=== The task ===
Your task is to restate word for word the lines of the listing below that start at the one containing "Cầu Vồng Ở Phía" and run to the end; please add nothing.

=== Data in this exercise ===
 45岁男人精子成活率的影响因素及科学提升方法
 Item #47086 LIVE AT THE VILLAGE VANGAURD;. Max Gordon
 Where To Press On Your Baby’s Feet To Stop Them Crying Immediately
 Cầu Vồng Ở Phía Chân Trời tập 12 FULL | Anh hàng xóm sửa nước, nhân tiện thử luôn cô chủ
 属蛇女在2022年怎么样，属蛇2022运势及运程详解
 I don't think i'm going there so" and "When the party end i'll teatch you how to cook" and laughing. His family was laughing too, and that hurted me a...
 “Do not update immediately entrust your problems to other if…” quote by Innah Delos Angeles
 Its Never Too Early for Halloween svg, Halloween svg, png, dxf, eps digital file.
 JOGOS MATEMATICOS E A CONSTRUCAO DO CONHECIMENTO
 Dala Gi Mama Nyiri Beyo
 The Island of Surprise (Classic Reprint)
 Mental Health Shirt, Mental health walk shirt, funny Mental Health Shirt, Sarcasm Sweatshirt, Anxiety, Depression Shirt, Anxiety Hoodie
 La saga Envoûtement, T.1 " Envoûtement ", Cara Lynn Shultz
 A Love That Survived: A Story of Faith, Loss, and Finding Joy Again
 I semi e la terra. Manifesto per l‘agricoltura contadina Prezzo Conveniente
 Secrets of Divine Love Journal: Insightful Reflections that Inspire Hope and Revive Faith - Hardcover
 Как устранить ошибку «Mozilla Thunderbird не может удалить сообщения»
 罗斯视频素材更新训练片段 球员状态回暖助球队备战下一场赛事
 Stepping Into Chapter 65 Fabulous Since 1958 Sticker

=== Answer to this task ===
 Cầu Vồng Ở Phía Chân Trời tập 12 FULL | Anh hàng xóm sửa nước, nhân tiện thử luôn cô chủ
 属蛇女在2022年怎么样，属蛇2022运势及运程详解
 I don't think i'm going there so" and "When the party end i'll teatch you how to cook" and laughing. His family was laughing too, and that hurted me a...
 “Do not update immediately entrust your problems to other if…” quote by Innah Delos Angeles
 Its Never Too Early for Halloween svg, Halloween svg, png, dxf, eps digital file.
 JOGOS MATEMATICOS E A CONSTRUCAO DO CONHECIMENTO
 Dala Gi Mama Nyiri Beyo
 The Island of Surprise (Classic Reprint)
 Mental Health Shirt, Mental health walk shirt, funny Mental Health Shirt, Sarcasm Sweatshirt, Anxiety, Depression Shirt, Anxiety Hoodie
 La saga Envoûtement, T.1 " Envoûtement ", Cara Lynn Shultz
 A Love That Survived: A Story of Faith, Loss, and Finding Joy Again
 I semi e la terra. Manifesto per l‘agricoltura contadina Prezzo Conveniente
 Secrets of Divine Love Journal: Insightful Reflections that Inspire Hope and Revive Faith - Hardcover
 Как устранить ошибку «Mozilla Thunderbird не может удалить сообщения»
 罗斯视频素材更新训练片段 球员状态回暖助球队备战下一场赛事
 Stepping Into Chapter 65 Fabulous Since 1958 Sticker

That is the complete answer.